▶ _PROBLEM TO WORK ON_: Retype word for word the stretch of entries below from the line that has "Foto del edificio - 3138 Browns Valley Rd" through the line that has "40 Fairleigh Crescent, Hamilton, ON", and omit the pictures.

▶ _RECORDS SHOWN_:

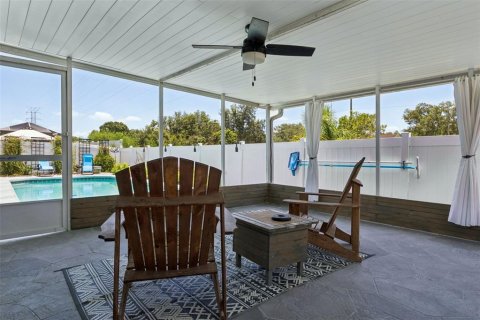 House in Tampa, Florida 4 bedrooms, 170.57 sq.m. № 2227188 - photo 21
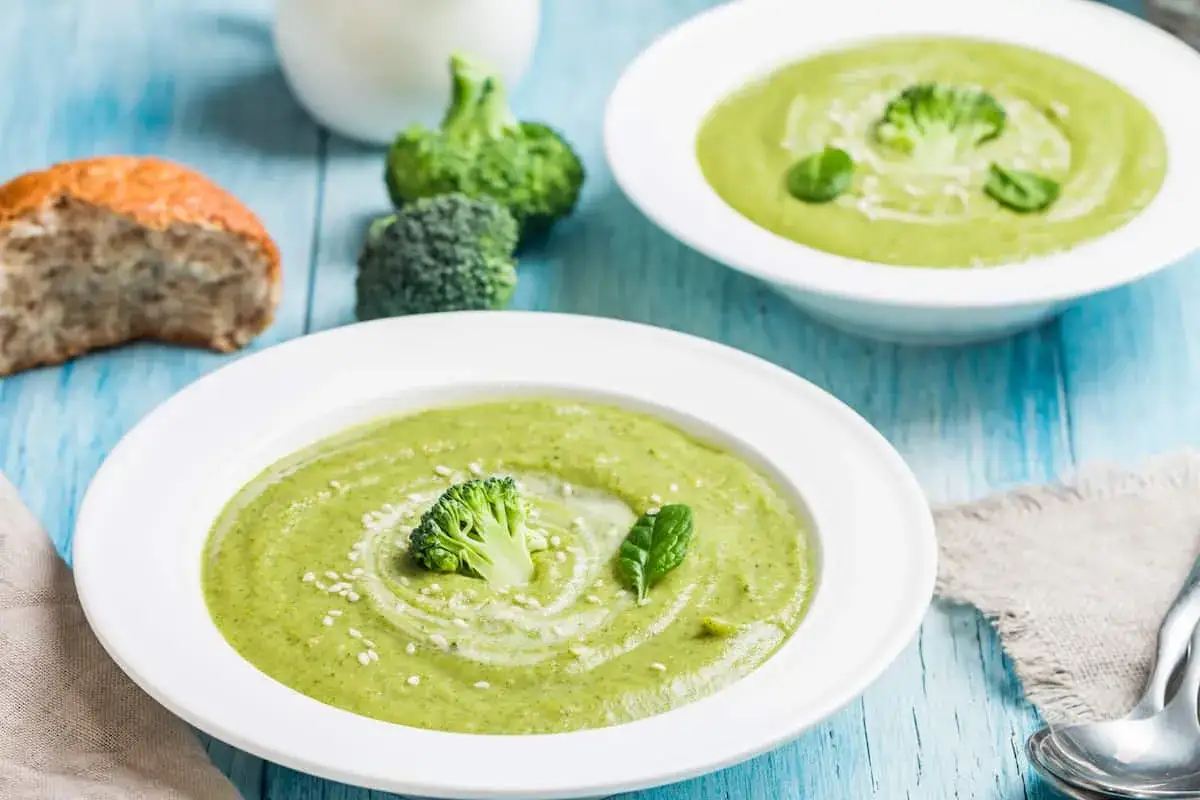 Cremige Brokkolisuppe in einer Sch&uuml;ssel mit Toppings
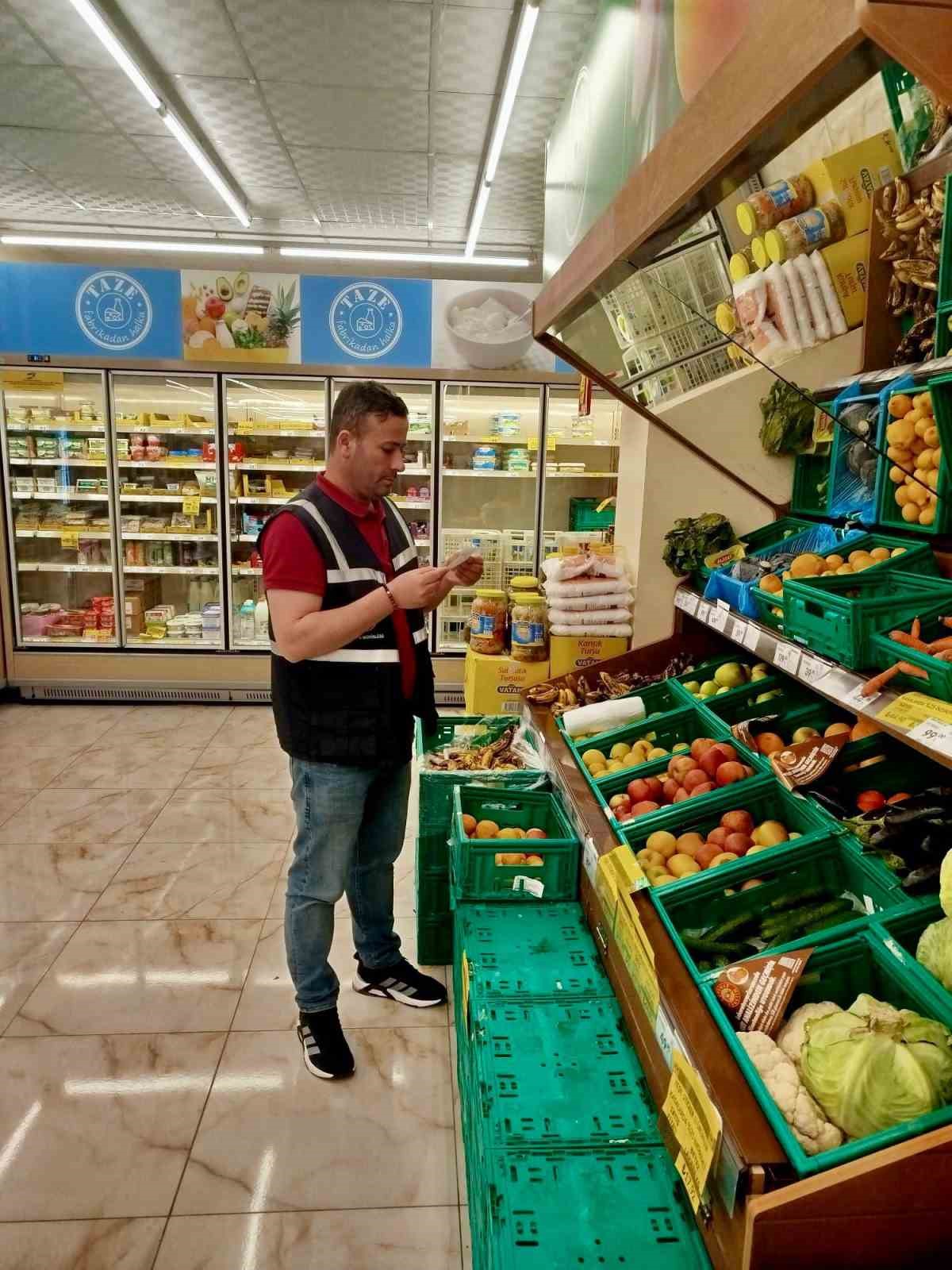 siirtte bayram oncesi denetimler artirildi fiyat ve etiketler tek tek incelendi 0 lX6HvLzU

==

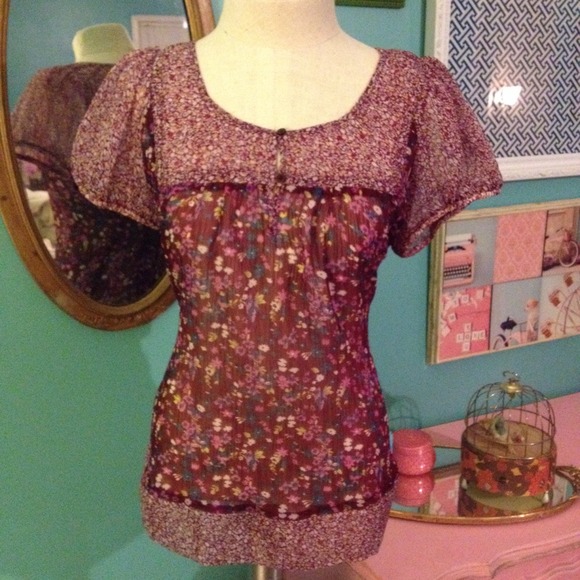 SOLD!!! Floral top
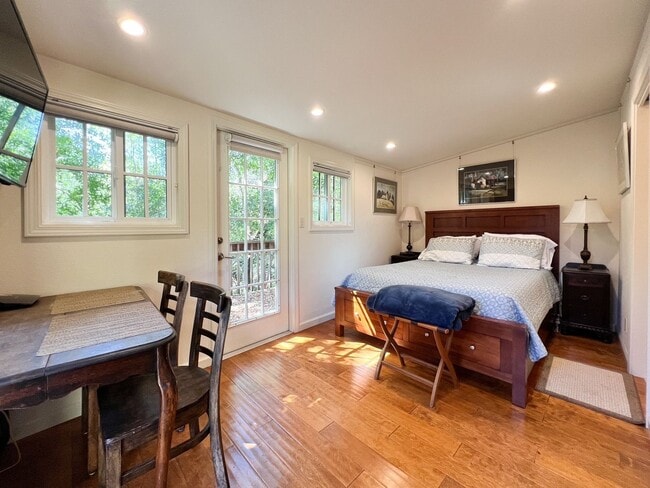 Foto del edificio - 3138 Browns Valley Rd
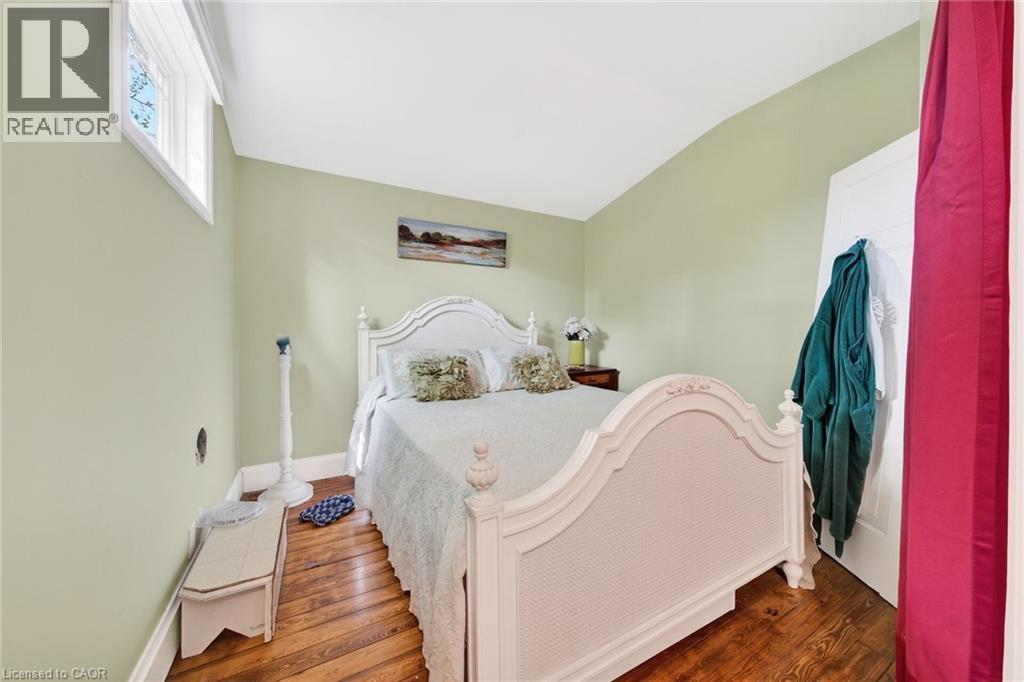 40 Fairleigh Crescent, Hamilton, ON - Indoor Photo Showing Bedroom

▶ _TASK RESPONSE_:
 Foto del edificio - 3138 Browns Valley Rd
 40 Fairleigh Crescent, Hamilton, ON - Indoor Photo Showing Bedroom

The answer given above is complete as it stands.